Oh wise and all knowing Magic 8-Ball, will KoB’s reign of terror over the mostly peaceful Adorable Deplorables come to a just end? Hack Stone would be a kind and benevolent Dictator over the unwashed masses if installed as First Commenter for This Ain’t Hell Weekend Open Thread for December 2, 2022.

In the event that the vast right conspiracy prevails and usurps Hack Stone’s rightful place as first commenter, Hack Stone will display the grace expected of him, and in show of his willingness to work with the current administration, he will dispatch an illegal immigrant hailing from Canada residing in the Bay Area to perform some home improvements at 02:00 at the home of the current title holder.

Hack Stone

He shoots, he scores.

Now avert your gaze!

Hack Stone

Will Hack score the first three comments?


Looking at the RR Thread and not keeping my eyes on the prize at hand. Coirses…Foiled by a Crayon eating Deplorable! The Oirley Birdy catched the worm. The Crown and the Trappings, Good Sir. Well played! Don’t leave a mess on the Throne. I’ll be back.

Hack Stone

You’re fault for not discovering that they always throw up a bunch of new threads right before 15:00 on Friday to distract the Adorable Deplorables. Didn’t work on Hack, he has an attention problem.


Dammit! Busted.
I would remind our Gun Bunny that the early bird does indeed get the worm.
The second rat gets the cheese.

Go Navy!

Last edited 1 year ago by AW1Ed

The Gun Bunny was just feeling sorry for some of Uncle Sam’s Misguided Children and gave them a 10 count upon the Thread drop. Besides, after a Reign of 4 in a Row (WOT, MOT, HOT, WOT; something else that The King of Battle, THE King of FIRST, can exclusively claim) Open Thread FIRSTs the snack larder and Class VI Supplies were getting pretty low. I will remind our Beloved AW1Ed that the Stoned Hack NEVER offers any goodies (not even a crayon nub, much less refreshing beverages) only mass quantities of outdated Y3K Red Hat Software. I will further remind said AW1 that it is only 7 days and a wakeup until the (GO) Army Black Knights will run their Jousts thru the (BEAT) Navy Goat and serve up some BBQed Kid…Squid!

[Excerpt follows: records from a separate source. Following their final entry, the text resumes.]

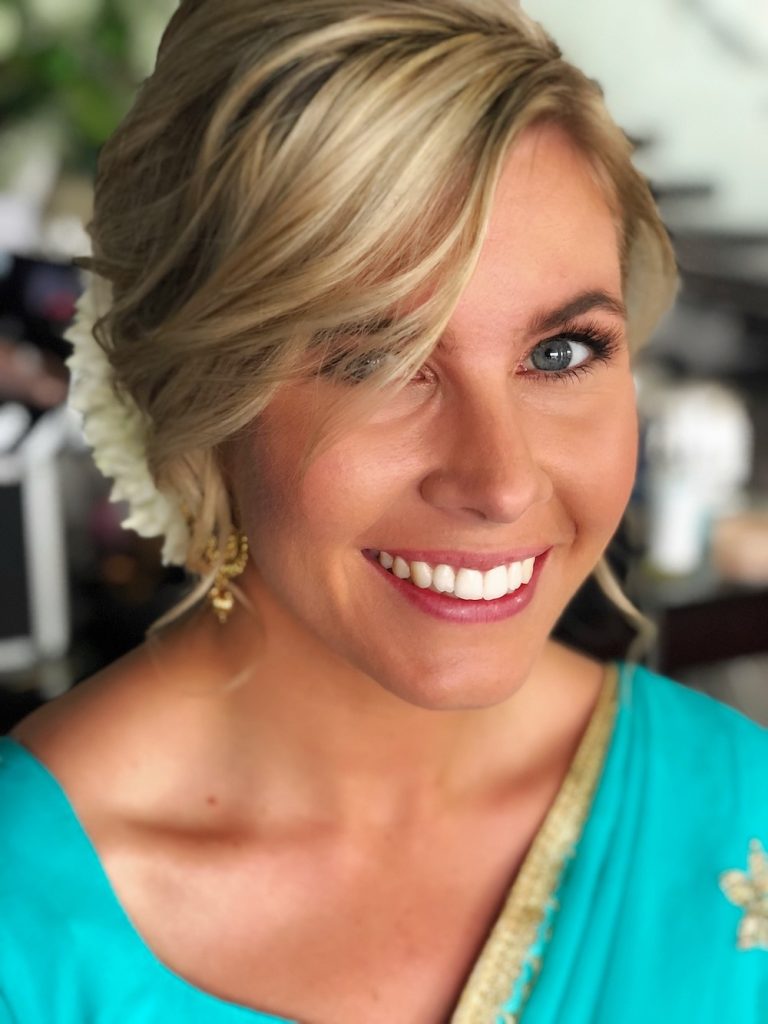 Wedding Hair & Makeup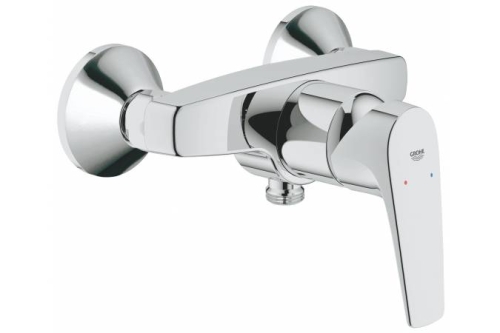 Смеситель для душа Grohe BauFlow, хром, (23755000)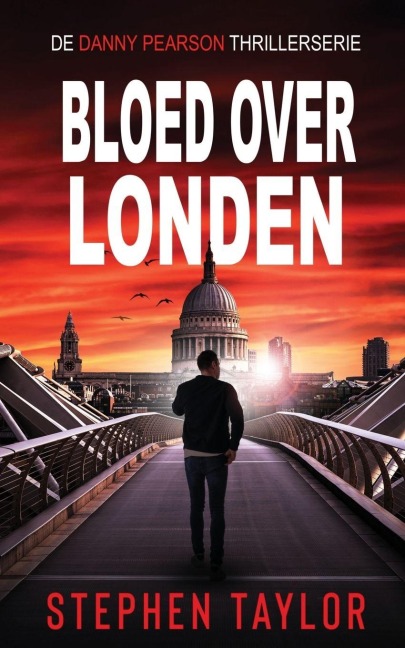 Bloed Over Londen - Stephen Taylor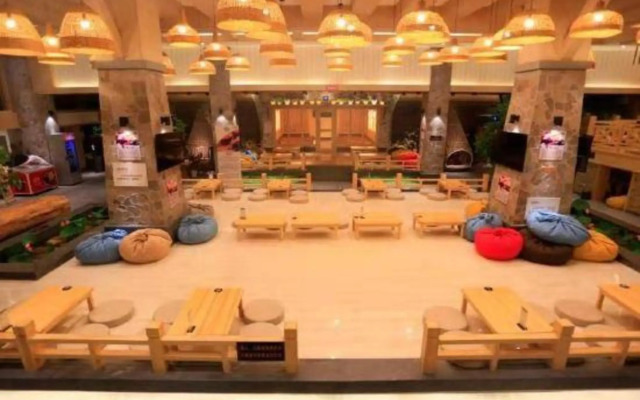 Dalian Mufu Business Hotel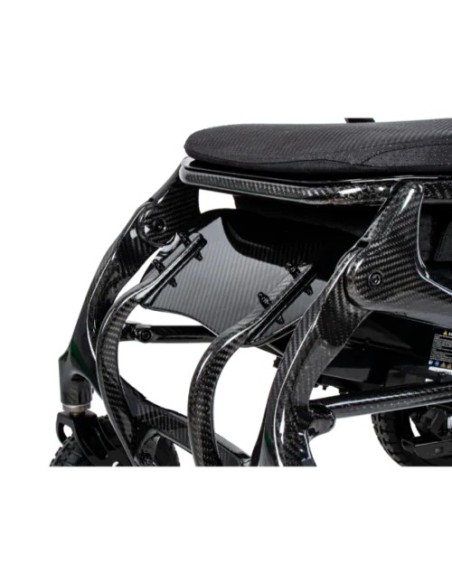 Silla De Ruedas Eléctrica Kittos Carbon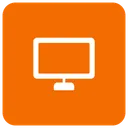 Free Monitor Lcd Screen Icon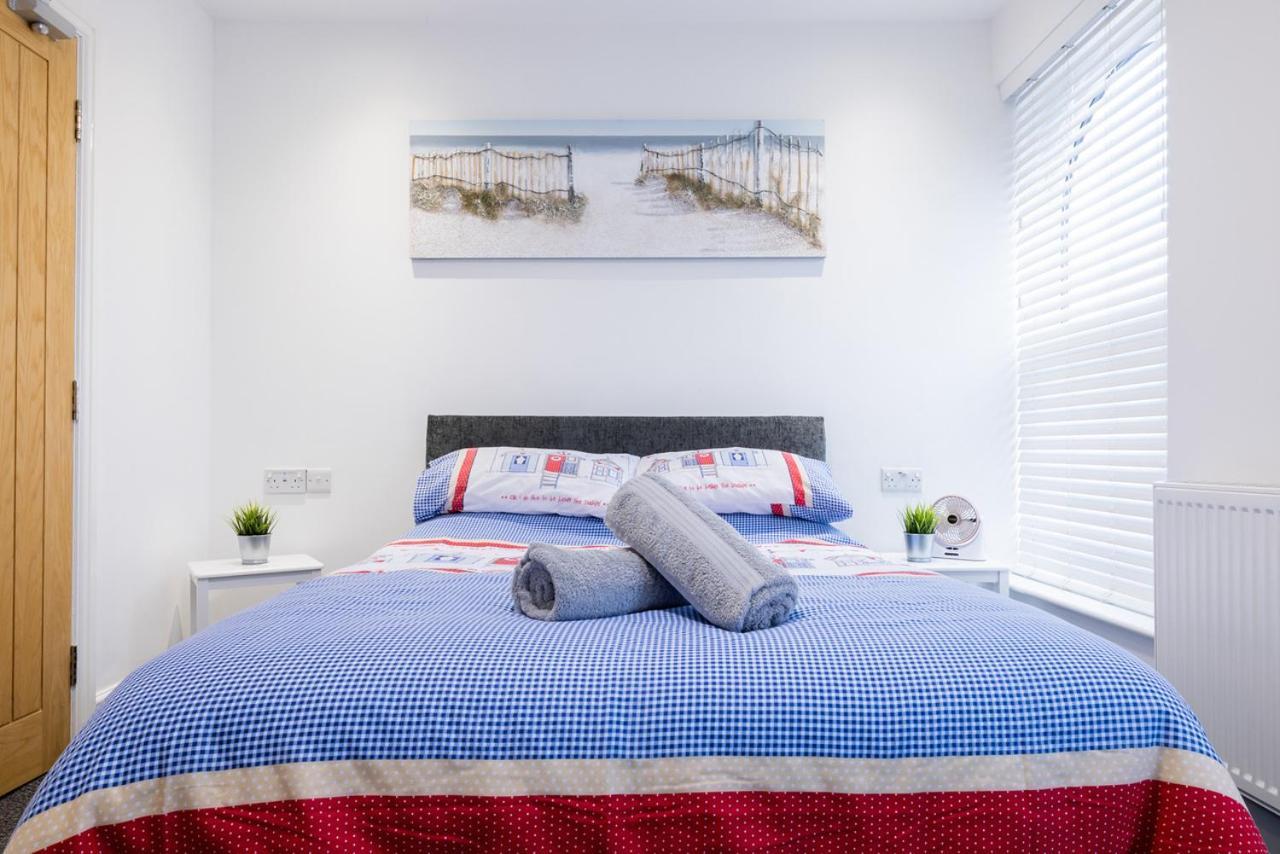 Hillcrest Studio Apartments Κλίθορπς Εξωτερικό φωτογραφία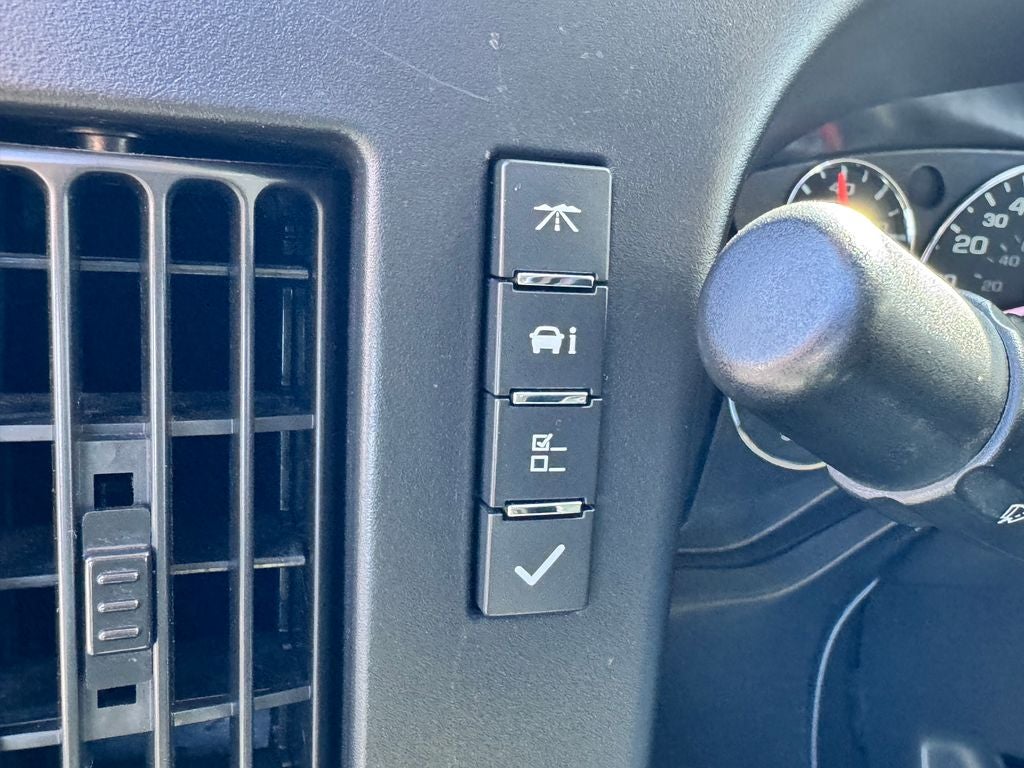 2020 GMC Savana 3500 Work Van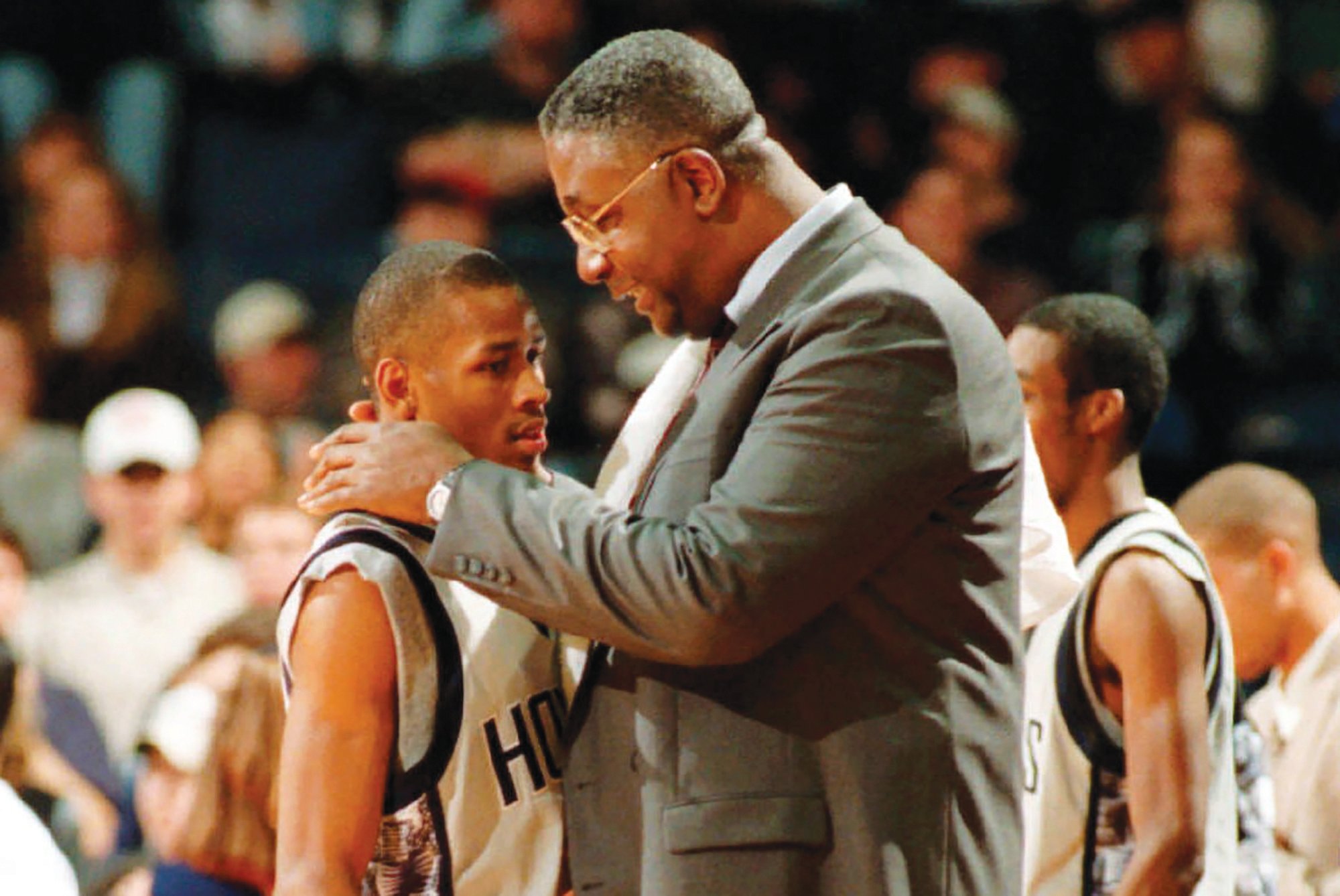 John Thompson spoke truth to power 'when it was hard to do' - The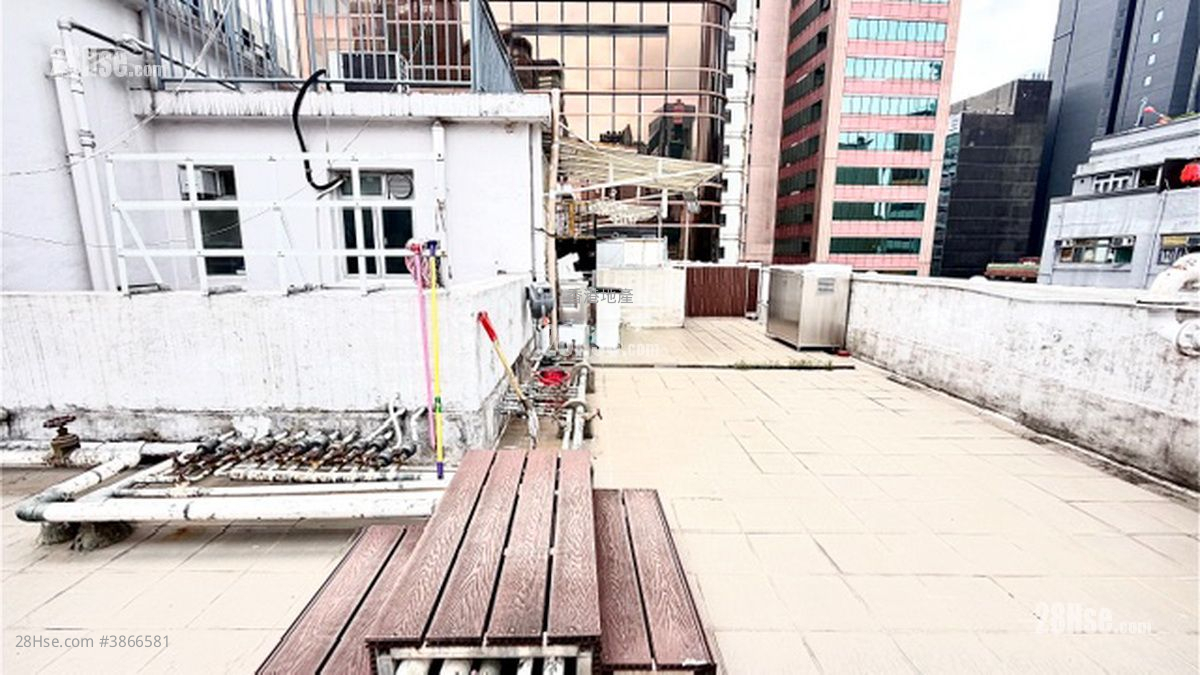 Hung Yip Building Rental 1 Bedroom , 1 Bathroom 310 ft² ( 28.8 m² )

WTF Bro, dropped it in EARLY on us.
Congo of the Ratatouille for the Hack Stoner

Hack Stone

Hack Stone hired Wittgenfeld to sneak into all of your houses and set your watches back twenty minutes.

That also explains why you found some soiled purple underwear clogging your toilet.

A Proud Infidel®™

Who is “Wittgenfeld”?


OK This is a complete troll.
I KNOW, you know what the Purple Spandex Flying Squirrel Cum Dumpster is.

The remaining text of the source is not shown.